LA PATTE DU CINÉMA DE HONG KONG
Cette énergie renouvelée doit beaucoup à la collaboration entre Cretton et la célèbre Jackie Chan Stunt Team, déjà à l’œuvre sur Shang-Chi. Les affrontements gagnent en nervosité, en lisibilité et en impact physique. Cette approche fait des merveilles lors du duel entre Spider-Man et Hulk. Loin de miser uniquement sur la destruction numérique, la séquence met en valeur le contraste entre la force brute de Bruce Banner et l’agilité féline de Peter, contraint de ruser pour survivre. C’est incontestablement l’un des meilleurs affrontements impliquant le géant vert depuis des années.
Même constat face aux membres de la Main (The Hand), où les combats prennent des accents de films d’arts martiaux. Les chorégraphies s’avèrent d’une redoutable efficacité, chaque coup portant une intention narrative claire au sein d’espaces clos comme la prison de Damage Control. En fusionnant l’esthétique des jeux vidéo et le savoir-faire des cascadeurs hongkongais, le film accouche des scènes d’action les plus inspirées de la franchise depuis l’ère de Sam Raimi.
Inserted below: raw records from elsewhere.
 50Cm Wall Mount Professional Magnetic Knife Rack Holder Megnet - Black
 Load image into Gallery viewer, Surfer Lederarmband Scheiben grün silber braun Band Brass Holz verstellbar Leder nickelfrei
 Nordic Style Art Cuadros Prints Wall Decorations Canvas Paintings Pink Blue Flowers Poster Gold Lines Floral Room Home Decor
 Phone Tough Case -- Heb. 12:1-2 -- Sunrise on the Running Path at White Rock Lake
UN RETOUR AUX EFFETS PRATIQUES
Sur le plan visuel, l’évolution est flagrante. Fini les images ternes et lisses : le directeur de la photographie Brett Pawlak insuffle du relief grâce à un travail soigné sur les ombres et les teintes new-yorkaises. Le costume lui-même profite d’une cure de jouvence, abandonnant l’armure numérique ultra-lisse au profit de textures texturées et de plis tangibles, empruntant l’épaisseur de l’ère Tobey Maguire aux grands yeux expressifs popularisés par Andrew Garfield. Côté casting, Tom Holland livre une partition habitée, trouvant l’équilibre parfait entre vulnérabilité, humour et tragédie.
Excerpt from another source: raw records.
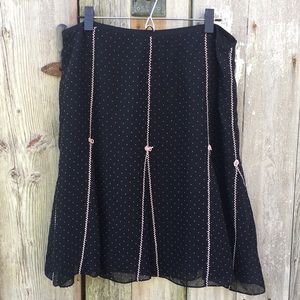 Silk Polka Dot Skirt - Size 14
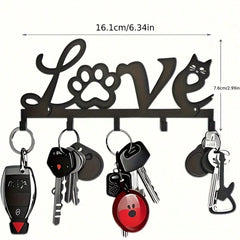 Cute Cat Paw Key Holder - Decorative Wall Mounted Storage Rack | Durable Metal Material, Space Saving, Adorable Cat Design, Easy To Install, Perfect Gift For Cat Lovers | Fun Cat Themed Decor | Sturdy Metal Shelf, Suitable For Cat Supplies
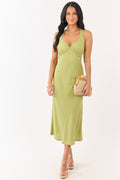 Pistachio Open Side Linen Blend Midi Dress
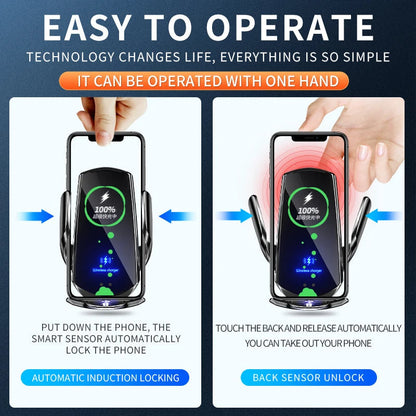 Avelena | 2-in-1 Kabelloses Auto-Ladegerät & Handyhalter Automatische Klemmung - Schnelles Laden Sichere Universelle Kompatibilität Einstellbar & Praktisch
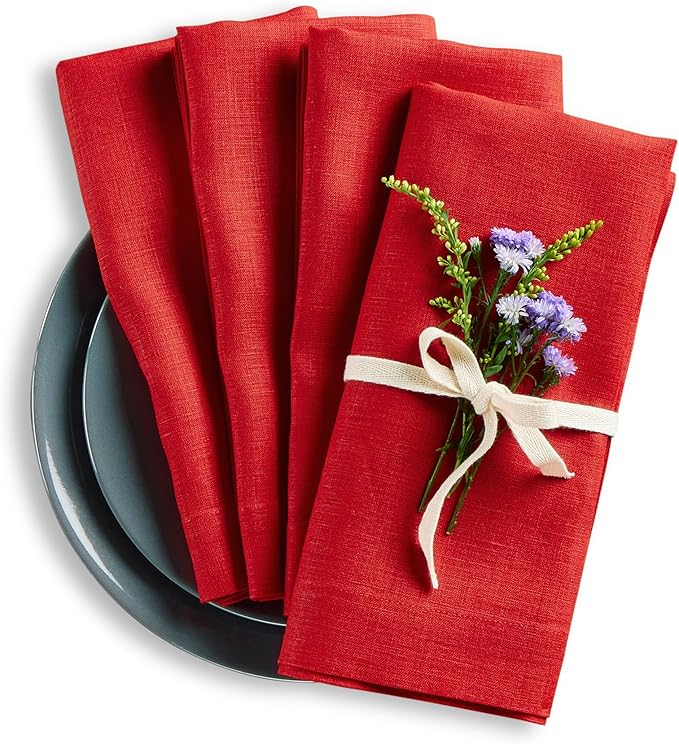 Solino Home Red Linen Napkins Set of 4-100% Pure Linen Cloth Washable Dinner Napkins 20 x 20 Inch for Valentines, Holiday, Winter, New Year - Fete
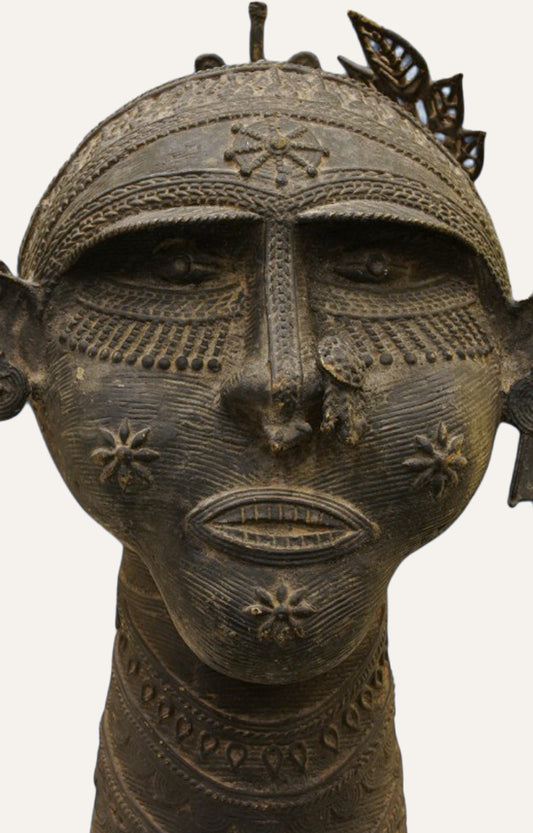 Eternal Dhokra Tribal Handcrafted Head Brass Vintage Sculpture Home Décor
Le reste de la distribution n’est pas en reste. Zendaya apporte une justesse constante, portée par une alchimie intacte avec Holland. La véritable surprise vient toutefois de Sadie Sink, dont la performance nuancée insuffle une intensité dramatique inattendue à un rôle hautement stratégique. Jon Bernthal (le Punisher), bien que dans une version plus mesurée, illumine le récit grâce à sa complicité naturelle avec Holland, instaurant une dynamique de grand frère salvatrice. Enfin, Mark Ruffalo retrouve un Bruce Banner posé, dont les interventions servent directement l’évolution psychologique de Peter.
Tout n’est pourtant pas irréprochable. Voulant embrasser trop de pistes narratives, le film souffre parfois de baisses de rythme et de ellipses un peu trop brutales concernant certains protagonistes. Le choix scénaristique entourant le personnage de Sadie Sink ne manquera pas non plus de fracturer la communauté des puristes attachés aux comics, bien que le twist s’avère audacieux pour la suite du MCU.
CONTRE-FEUX ET STRATÉGIES MARKETING
Il faut également souligner la campagne promotionnelle pour le moins trompeuse orchestrée par Marvel, qui s’est amusée à semer de faux indices (logos mystérieux, déclarations ambiguës de Jacob Batalon sur le Hulk gris) afin de détourner l’attention des spectateurs. Une stratégie de désinformation brillante… en partie ruinée par des gaffes involontaires lors de l’avant-première officielle ! Malgré ces fuites prématurées, le long-métrage conserve suffisamment d’atouts pour marquer les esprits.
Sans détrôner le mythique Spider-Man 2 de Sam Raimi, Brand New Day s’impose sans forcer comme le meilleur tour de piste de Tom Holland sous le masque et l’une des propositions les plus solides du MCU de ces dernières années. Plus qu’un simple divertissement, c’est la consécration d’un Peter Parker enfin devenu le héros qu’il a toujours dû être.